Several versions of the film were released theatrically with added footage, ranging from erotic scenes to scenes featuring zombies.

==Plot==
A beautiful young woman named Christina arrives in Europe to visit her estranged relatives in a small castle for the reading of her dead father's will. She eventually discovers that they are all undead, and they fear that when she inherits her father's mansion, she will ask them all to leave. But Christina is lonely and tells her Uncle Howard that she wants them all to remain there and live with her. She learns that a spirit called the Queen of the Night has claimed her father's eternal soul because he committed suicide by hanging himself. Christina winds up becoming one of the living dead herself, and at the end of the film, she and the rest of the family all solemnly march off into a swamp on the estate's grounds, accompanied by the Queen of the Night.

==Production==
The film was shot between November and December 1971 in Portugal, including around Palácio dos Condes de Castro Guimarães in Cascais and the nearby town of Sintra. Some shots are done in Spain such as the opening seafront scene. Director Jesús Franco shot this film under the title La nuit des étoiles filantes. While filming, Franco took time to shoot extra material for the partially completed film Jungfrauen-Report, which had begun filming earlier that year for Artur Brauner's Tele-Cine Film.

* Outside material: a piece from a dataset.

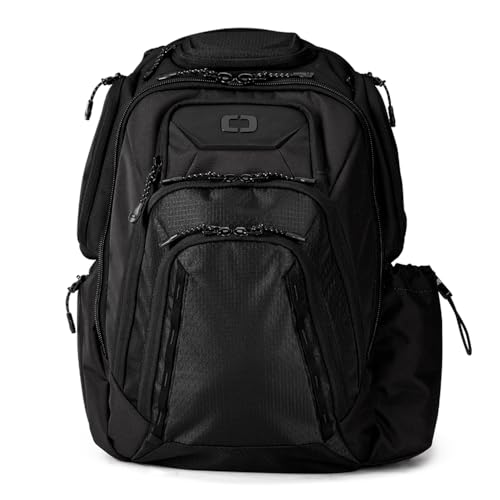 Renegade Backpack (Renegade Pro / Black)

The film is credited to a single production company, described by Franco biographer Stephen Thrower as the “notoriously untraceable” Prodif Ets. that was stated as being based in Liechtenstein. Franco had made other films for Prodif Ets such as Nightmares Come at Night (1973). As the company never made films for any other director, Franco biographer Stephen Thrower suggested that the company was set up as a tax haven, similar to how producer Harry Alan Towers had done.

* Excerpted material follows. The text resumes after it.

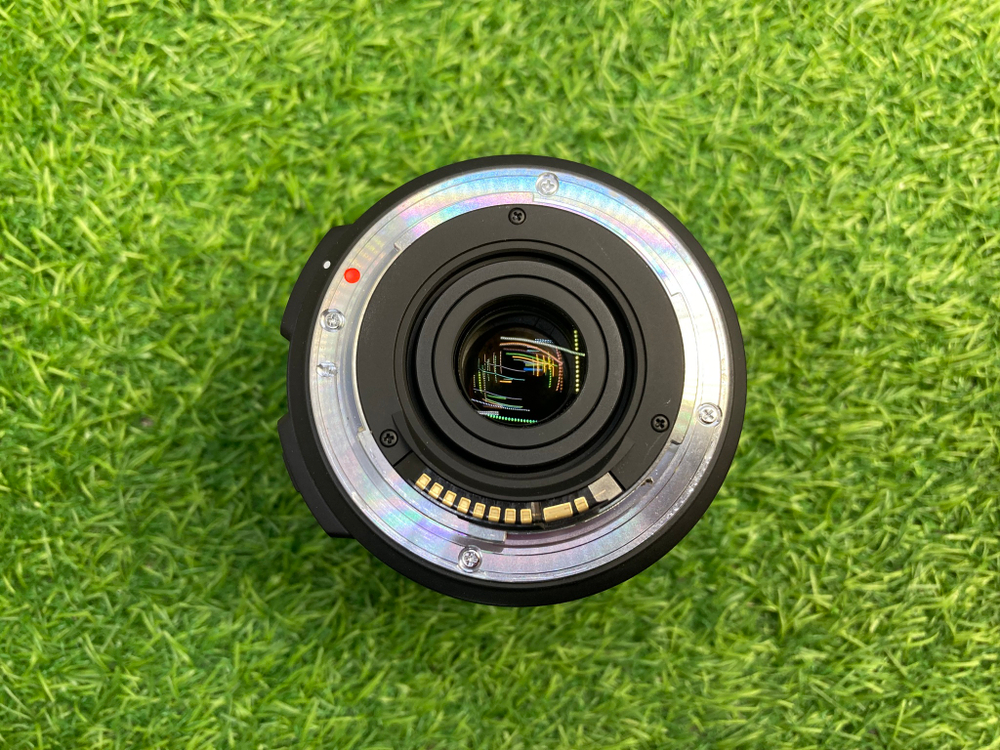 Sigma AF 18-200mm 3.5-6.3 DC OS Canon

Little is known about the film's lead Cristine von Blanc, including her real name which is unknown.

==Release==
The film was screened for potential distributors at the Cannes Film Market in 1973.
It received a theatrical release in 1973 in France as Christina princesse de l'érotisme.
After this screening, various new versions emerged. One was titled Une vierge chez les morts vivants where it was listed as a Belgian production. The other version was called Christina princesse de l'érotisme which added a sequence of an orgy scene with actors not seen in the original 1971 footage. These erotic scenes were directed by Pierre Querut.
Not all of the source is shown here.